Solved: Re: Re: How to join string lists - Qlik Community

hugmarcel · ‎2014-06-05

Hi

I have 2 tables A and B with

A: Field1

B: Field1

Field1 contains a number list as value, such as '1:2:3:4:5' or '2:4:6' etc.

Joins should match if number lists contain identical numbers and have identical length. E.g.:

A.Field1 = '1:2:3:4:5' joins with B.Field1 = '1:3;2:4:5' but not with '2:4:6' or '1:3;2:4:5:5'

Any help appreciated!

Thx - Marcel

Peter_Cammaert · ‎2014-06-10

And this is even shorter. I think you'll like it:

// Sort field theTable.theField with theDelimiter, create new field theFieldSorted

SUB SortField ( theTable, theField, theDelimiter, theFieldSorted );

LEFT JOIN ($(theTable))

LOAD $(theField), CONCAT(ELEMENTS,'$(theDelimiter)') AS $(theFieldSorted) GROUP BY $(theField);

LOAD $(theField), SUBFIELD($(theField),'$(theDelimiter)') AS ELEMENTS

RESIDENT $(theTable);

END SUB

If you're satisfied, please close the thread. Thanks

View solution in original post

hugmarcel · ‎2014-06-05

I found a solution, such as:

1.) Table C: Contains outer Join of Tables A and B (with FIELD1 renamed to FIELD2) .
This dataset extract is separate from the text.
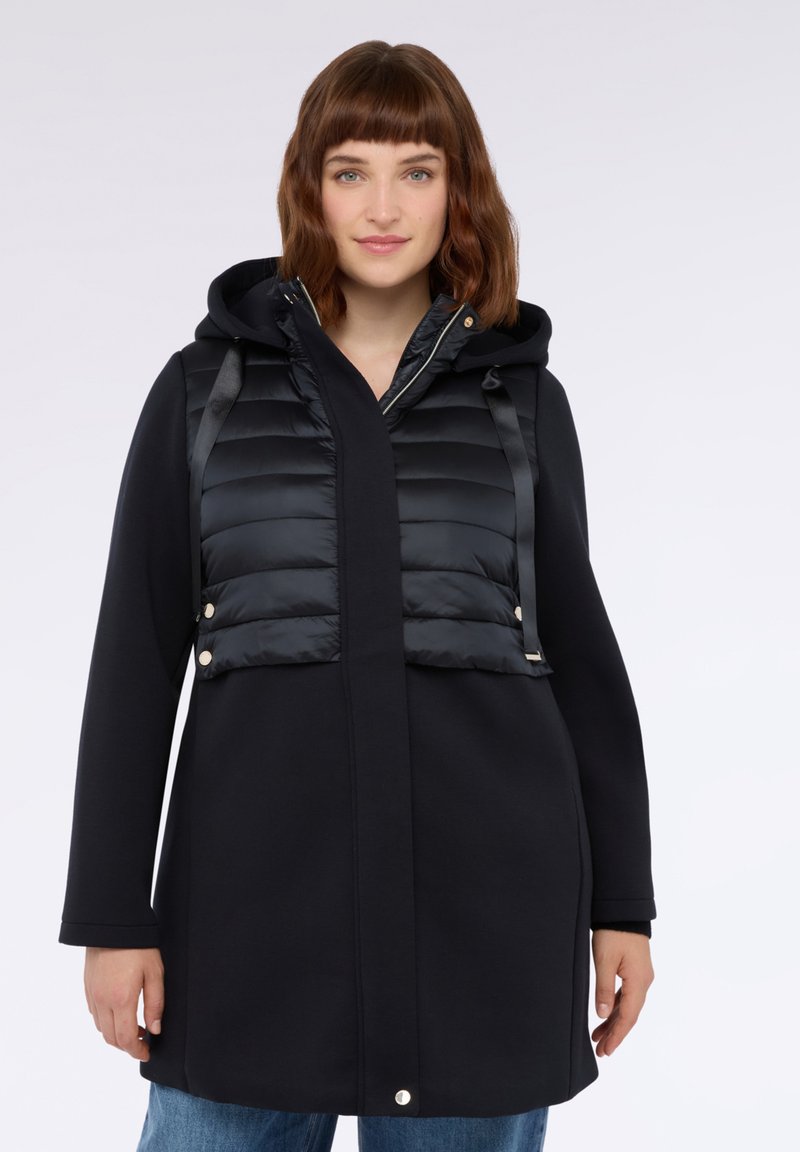 Schwarzer Mantel mit einer gesteppte Vorderseite, der eine Kapuze und einen geraden Schnitt hat. Der gesteppte Bereich hat eine gesteppten Textur und goldfarbene Hardware-Akzente.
2.) Reduce Table C to records fullfilling condition:

LEN(PURGECHAR(FIELD1,FIELD2)) + LEN(PURGECHAR(FIELD2,FIELD1)) = 0 AND LEN(FIELD1) = LEN(FIELD2);

However, I hope there is a better solution, as OUTER Joining is not nice.

Thx - Marcel

Peter_Cammaert · ‎2014-06-05

I think you found the simplest solution (although it's memory-hungry)

The other solution I can think of involves reordering key values (using substring() and concat()) to a common (ascending) format, but that means more code.
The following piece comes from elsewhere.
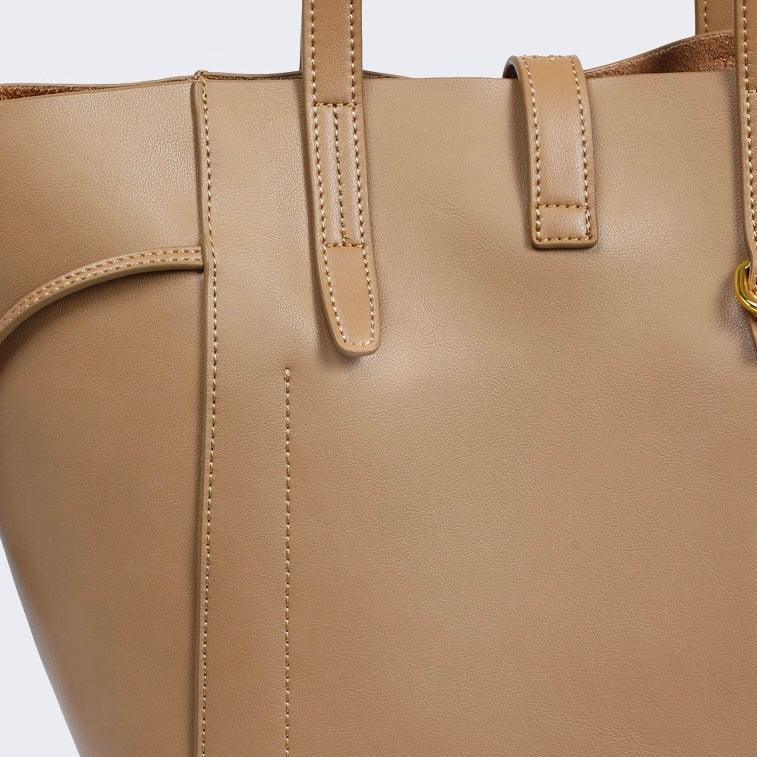 Close-up of tan leather tote bag with double handles and gold hardware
Peter_Cammaert · ‎2014-06-06

Small example of an alternative approach. Note that I used semicolons instead of colons. QlikView may mess with your key values if it thinks that they can be treated as time specifications (especially the shorter ones).

Good luck,

Peter

hugmarcel · ‎2014-06-06

Hi Peter

thank you for this solution!

I do not like the outer join method, and I always try to keep coding as small and concise as possible. I therefore created a sub

which appends a new sorted field theFieldSorted to the table. Joining over sorted fields then gives correct matches too. See

// Sort field theTable.theField with theDelimiter, create new field theFieldSorted

SUB SortField ( theTable, theField, theDelimiter, theFieldSorted );

FIELD_ELEMENTS:

LOAD $(theField), SUBFIELD($(theField),'$(theDelimiter)') AS ELEMENTS

RESIDENT $(theTable);

LEFT JOIN ($(theTable))

LOAD $(theField), CONCAT(ELEMENTS,'$(theDelimiter)') AS $(theFieldSorted)

RESIDENT FIELD_ELEMENTS

GROUP BY $(theField);

DROP TABLE FIELD_ELEMENTS;

END SUB

Thx - Marcel

MarcoWedel · ‎2014-06-06

Hi Marcel,

one possible solution could be also:

QUALIFY 'Field*';

FOR Each vtab in 'A', 'B'
  $(vtab):
  LOAD AutoNumber(Concat(F1, ':')) as %Field1ID,
      Field1,
      Field2,
      Field3
  Group By Field1, Field2, Field3, RecNo;
  LOAD *,
      SubField(Replace(Field1, ';', ':'), ':') as F1,
      RecNo() as RecNo     
  FROM [http://community.qlik.com/servlet/JiveServlet/download/543866-110059/QlikCommunity_Thread_121005.xls...]
  (ooxml, embedded labels, table is $(vtab));
NEXT;

hope this helps

regards

Marco

MarcoWedel · ‎2014-06-06

Replacing

LOAD AutoNumber(Concat(F1, ':')) as %Field1ID,

with

LOAD Concat(F1, ':') as %Field1ID,

in my previously mentioned solution delivers a normalized key value:

regards

Marco

Peter_Cammaert · ‎2014-06-10

And this is even shorter. I think you'll like it:

// Sort field theTable.theField with theDelimiter, create new field theFieldSorted

SUB SortField ( theTable, theField, theDelimiter, theFieldSorted );

LEFT JOIN ($(theTable))

LOAD $(theField), CONCAT(ELEMENTS,'$(theDelimiter)') AS $(theFieldSorted) GROUP BY $(theField);

LOAD $(theField), SUBFIELD($(theField),'$(theDelimiter)') AS ELEMENTS

RESIDENT $(theTable);

END SUB

If you're satisfied, please close the thread. Thanks

hugmarcel · ‎2014-06-24

YES

i like it, although there are other possible solutions as i.e. mentioned below.

Marcel